What this task involves: Once you find a line containing the word "Hotel" in the entries below, copy it.

Provided records:
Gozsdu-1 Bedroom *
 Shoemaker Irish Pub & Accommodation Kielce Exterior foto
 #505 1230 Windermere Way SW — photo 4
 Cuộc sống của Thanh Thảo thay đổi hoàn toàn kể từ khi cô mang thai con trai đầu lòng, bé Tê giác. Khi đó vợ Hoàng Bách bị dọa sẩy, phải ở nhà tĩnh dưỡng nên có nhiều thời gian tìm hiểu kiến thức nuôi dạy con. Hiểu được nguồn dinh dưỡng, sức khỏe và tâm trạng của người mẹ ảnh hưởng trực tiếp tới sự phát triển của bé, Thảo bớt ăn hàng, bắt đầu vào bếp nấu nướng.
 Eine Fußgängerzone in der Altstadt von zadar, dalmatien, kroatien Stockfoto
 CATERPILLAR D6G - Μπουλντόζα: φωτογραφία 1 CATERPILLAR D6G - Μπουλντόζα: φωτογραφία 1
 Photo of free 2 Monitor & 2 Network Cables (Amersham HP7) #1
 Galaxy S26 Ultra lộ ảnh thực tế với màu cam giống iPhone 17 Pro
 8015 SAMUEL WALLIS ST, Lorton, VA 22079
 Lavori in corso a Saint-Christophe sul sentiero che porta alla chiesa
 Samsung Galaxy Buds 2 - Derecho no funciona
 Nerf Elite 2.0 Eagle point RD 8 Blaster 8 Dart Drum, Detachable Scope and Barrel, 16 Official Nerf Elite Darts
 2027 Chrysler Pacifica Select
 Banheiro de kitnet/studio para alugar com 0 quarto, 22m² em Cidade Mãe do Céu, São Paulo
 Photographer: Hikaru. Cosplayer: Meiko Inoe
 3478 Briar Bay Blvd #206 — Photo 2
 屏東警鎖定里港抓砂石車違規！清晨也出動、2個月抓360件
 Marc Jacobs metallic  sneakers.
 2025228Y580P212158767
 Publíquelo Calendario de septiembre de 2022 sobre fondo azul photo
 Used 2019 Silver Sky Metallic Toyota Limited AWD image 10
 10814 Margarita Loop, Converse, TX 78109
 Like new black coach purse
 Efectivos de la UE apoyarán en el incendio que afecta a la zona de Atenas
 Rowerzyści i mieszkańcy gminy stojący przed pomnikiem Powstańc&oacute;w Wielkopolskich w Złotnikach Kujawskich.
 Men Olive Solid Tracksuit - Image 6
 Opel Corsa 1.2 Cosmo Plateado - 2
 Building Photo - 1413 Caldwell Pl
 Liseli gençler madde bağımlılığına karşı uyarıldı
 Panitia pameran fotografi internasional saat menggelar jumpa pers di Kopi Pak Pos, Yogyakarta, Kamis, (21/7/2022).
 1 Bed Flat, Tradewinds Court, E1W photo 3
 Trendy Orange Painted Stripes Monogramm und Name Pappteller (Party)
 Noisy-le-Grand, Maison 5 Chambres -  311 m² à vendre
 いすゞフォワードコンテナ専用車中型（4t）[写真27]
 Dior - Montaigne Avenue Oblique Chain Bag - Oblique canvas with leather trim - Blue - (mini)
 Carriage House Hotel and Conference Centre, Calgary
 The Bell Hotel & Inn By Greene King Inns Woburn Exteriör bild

Written answer:
 Carriage House Hotel and Conference Centre, Calgary
 The Bell Hotel & Inn By Greene King Inns Woburn Exteriör bild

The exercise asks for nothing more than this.